Three Day Notices to Cure or Quit, and Thirty (or Sixty) Day Notices Terminating Tenancy (Notice to Quit).

If you receive a notice that doesn’t have this language on it, that doesn’t specify one of these time frames for vacating, or isn’t a proper written notice served on you and/or posted at your residence, you have not received legal notice of eviction and you can continue your tenancy.

If you receive a 3-Day Notice to Cure or Quit, you have two options: 1. pay the rent you owe, or “cure” the violation of the rental agreement listed on the Notice, or 2. do nothing, and be aware that after three days elapse, your landlord may serve you with an “unlawful detainer” (eviction) lawsuit.

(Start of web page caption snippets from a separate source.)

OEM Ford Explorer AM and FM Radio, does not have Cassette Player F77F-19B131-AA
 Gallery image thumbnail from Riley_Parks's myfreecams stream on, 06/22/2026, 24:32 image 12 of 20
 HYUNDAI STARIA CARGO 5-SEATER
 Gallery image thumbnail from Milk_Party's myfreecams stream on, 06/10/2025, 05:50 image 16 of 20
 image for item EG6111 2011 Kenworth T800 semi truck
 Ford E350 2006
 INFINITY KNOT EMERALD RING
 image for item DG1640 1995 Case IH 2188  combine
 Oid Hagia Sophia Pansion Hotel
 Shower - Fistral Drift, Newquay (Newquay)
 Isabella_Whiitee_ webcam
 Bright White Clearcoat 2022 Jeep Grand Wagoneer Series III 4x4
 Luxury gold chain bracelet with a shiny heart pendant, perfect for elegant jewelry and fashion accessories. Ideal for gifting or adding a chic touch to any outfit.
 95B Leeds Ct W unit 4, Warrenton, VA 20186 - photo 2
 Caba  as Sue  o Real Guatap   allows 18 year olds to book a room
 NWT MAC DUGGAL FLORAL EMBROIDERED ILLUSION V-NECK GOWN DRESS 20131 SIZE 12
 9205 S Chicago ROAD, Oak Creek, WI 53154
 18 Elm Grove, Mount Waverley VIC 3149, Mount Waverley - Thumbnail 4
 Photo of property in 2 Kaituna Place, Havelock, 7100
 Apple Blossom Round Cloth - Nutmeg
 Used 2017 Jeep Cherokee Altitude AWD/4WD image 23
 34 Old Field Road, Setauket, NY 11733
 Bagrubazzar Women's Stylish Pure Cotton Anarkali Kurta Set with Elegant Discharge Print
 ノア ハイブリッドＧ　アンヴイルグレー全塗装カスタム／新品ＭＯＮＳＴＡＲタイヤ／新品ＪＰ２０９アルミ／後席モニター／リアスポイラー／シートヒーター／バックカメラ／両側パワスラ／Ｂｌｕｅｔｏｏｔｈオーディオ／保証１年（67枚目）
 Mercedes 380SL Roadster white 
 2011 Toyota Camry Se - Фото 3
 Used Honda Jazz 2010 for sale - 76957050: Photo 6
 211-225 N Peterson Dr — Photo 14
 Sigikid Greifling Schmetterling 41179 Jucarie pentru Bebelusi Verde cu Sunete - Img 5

Thirty or Sixty Day Notices Terminating Tenancy most often apply to “no-fault” evictions — for example, in cases of owner move-in evictions or the Ellis Act. Upon receiving this type of notice, tenants should first determine whether they are covered by an eviction protection or “just cause” law (see below). If so, the eviction notice must list a valid reason for eviction. Additionally, the notice may need to be accompanied by 50% of the applicable relocation payments, which are set by statute.

After the time specified on the notice has elapsed, the landlord may file an unlawful detainer action against you in court, then serve you with the summons and complaint. Once you are served, you have only five calendar days — including weekends and holidays — to file a response with the court.

If the tenant fails to file a response within five days, the landlord may request a default judgment against the tenant. If the court grants the default, the sheriff may arrive at the property to enforce the eviction within two to three weeks in San Francisco. (In other jurisdictions, the sheriff’s eviction may occur just five days after the court’s judgment.) Also in San Francisco, but not necessarily in other jurisdictions, the court will often grant a one-week stay of eviction in order to give the tenant time to find alternate housing.

In almost all cases, tenants should file a response immediately, as this will at least buy them more time. Once tenants file a response, the lawsuit will be set in motion: a trial date will be set, the landlord or their attorneys may send you discovery requests (which also need to be answered within a limited time period), and either side may enter motions or demurrers with the court.

Eviction lawsuits proceed on an extremely compressed timetable. Unfortunately, self-represented parties are prone to missteps that may prove costly, and the landlord’s attorneys may capitalize on that. An experienced tenants’ attorney can guide tenants through the process and be a powerful ally in settling the lawsuit. ​

Evictions in San Francisco

The majority of residential tenancies in San Francisco are governed by the San Francisco Residential Rent Stabilization and Arbitration Ordinance (Chapter 37 of the Administrative Code).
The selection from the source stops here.